Just after starting working on this album, I met a brilliant producer called Sven Ludwig who lives in Cologne, Germany. We got on really well and he liked the early demos, so we began sending stems and tracks back and forth as I was writing. I’d never worked alongside another producer before, so it was a really new experience to be giving an element of creative control of my music to another person.
I recorded most of the stems in my studio at home and would send them to him to begin mixing and trying some things. Sven has a great ear for songwriting too. He’s really good at saying if he doesn’t like something, and being really understanding if I’m sure that I want to keep it after trying some alternative ideas. I think being able to say how you really feel and not taking things to heart is key in this kind of working relationship.
I went to Sven’s studio in Germany three times over the course of a few years to work on the album. We mostly mixed together, plus recorded vocals, and replaced some soft synths and effects with his lovely hardware gear.
After the second trip we thought we were done, but we realised after about nine months that we had loads more ideas. We weren’t up against a release deadline yet, so we planned to revamp the whole album. This is something you rarely get to do, and I really enjoyed it. That last trip definitely made a huge difference to the sound of the record – I had developed my voice a lot over that period, so we redid all the vocals, and revamped/replayed guitars etc.
I’ve realised that a lot of my older music had been scratching the surface of opening up about my emotions, yet I was seeing it as more of an exercise in songwriting than anything else. Writing this album the way I did, forced me to approach songwriting in a completely new way.

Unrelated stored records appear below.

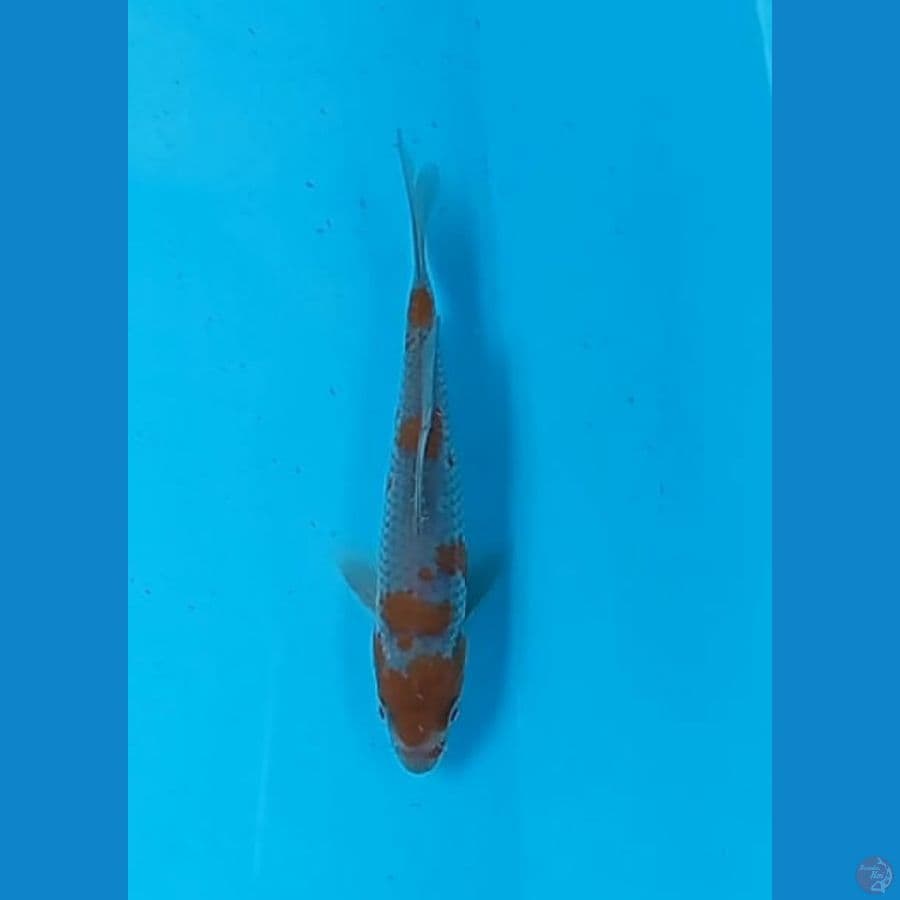 Ochiba 17 cm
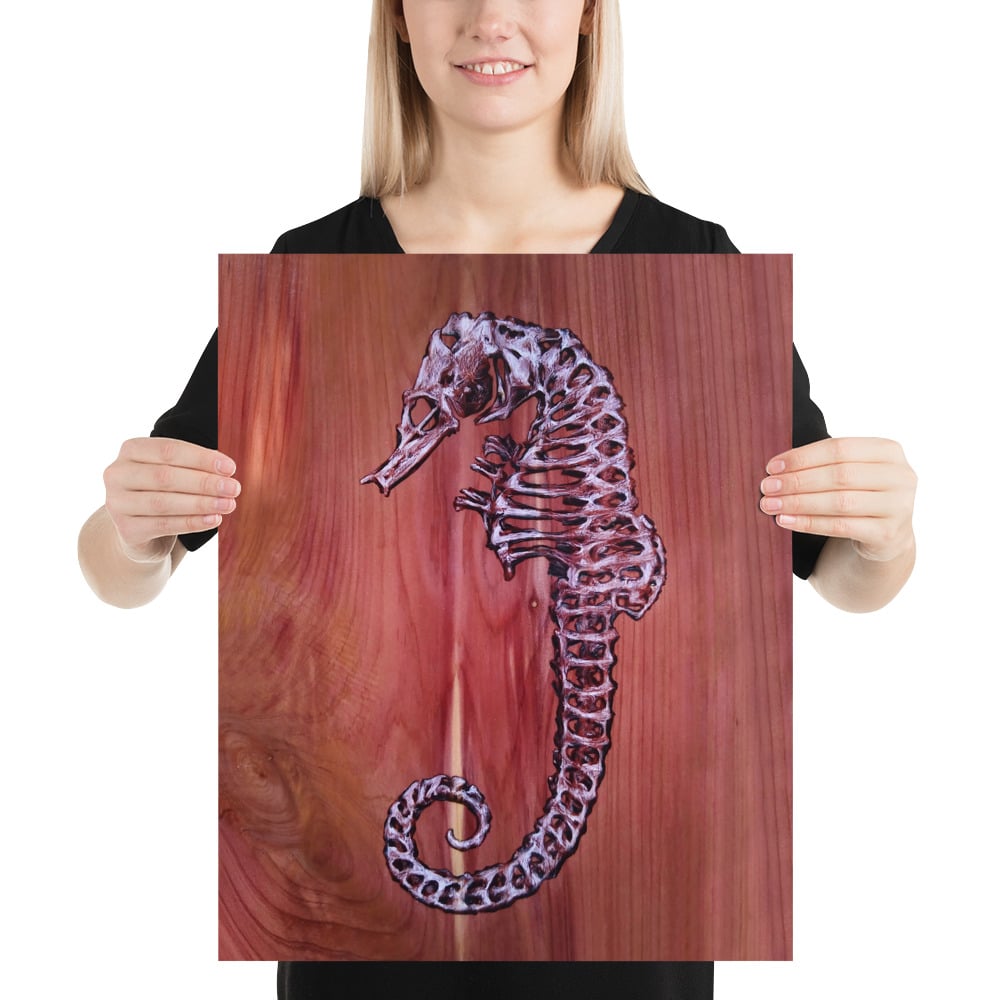 Photo Print: Seahorse Skeleton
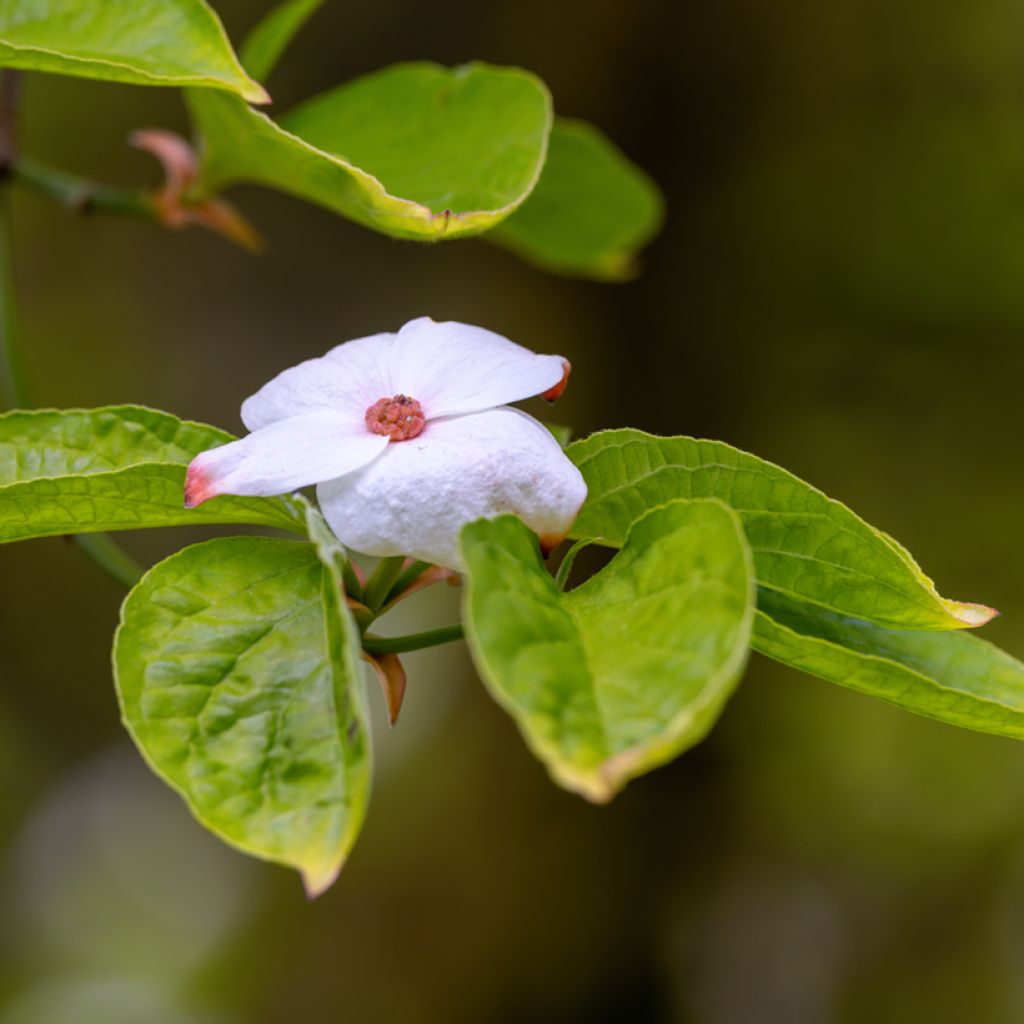 Cornus nuttalii Eddies White Wonder - Flowering Dogwood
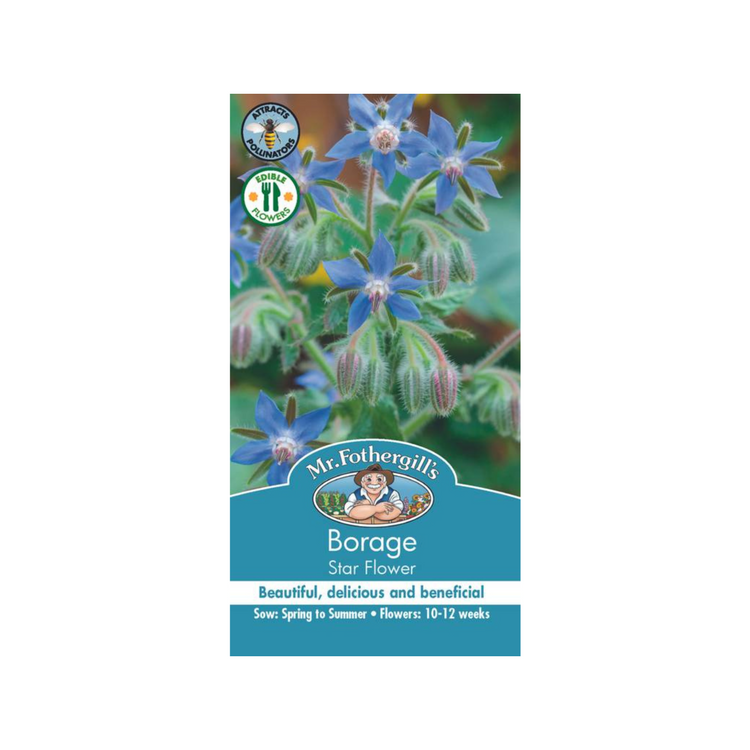 Mr Fothergill Borage Star Flower Seeds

Writing with a specific story arc in mind was really interesting. I’d have a gap in the story to fill, for example in the case of Better, between when you’ve fallen for someone and when you finally get together. I then had to think back to moments that I related to that part of the story, and open up about how I felt at a time that I could easily never have returned to otherwise. It’s been a very cathartic process, and I feel extremely connected to the music as a result.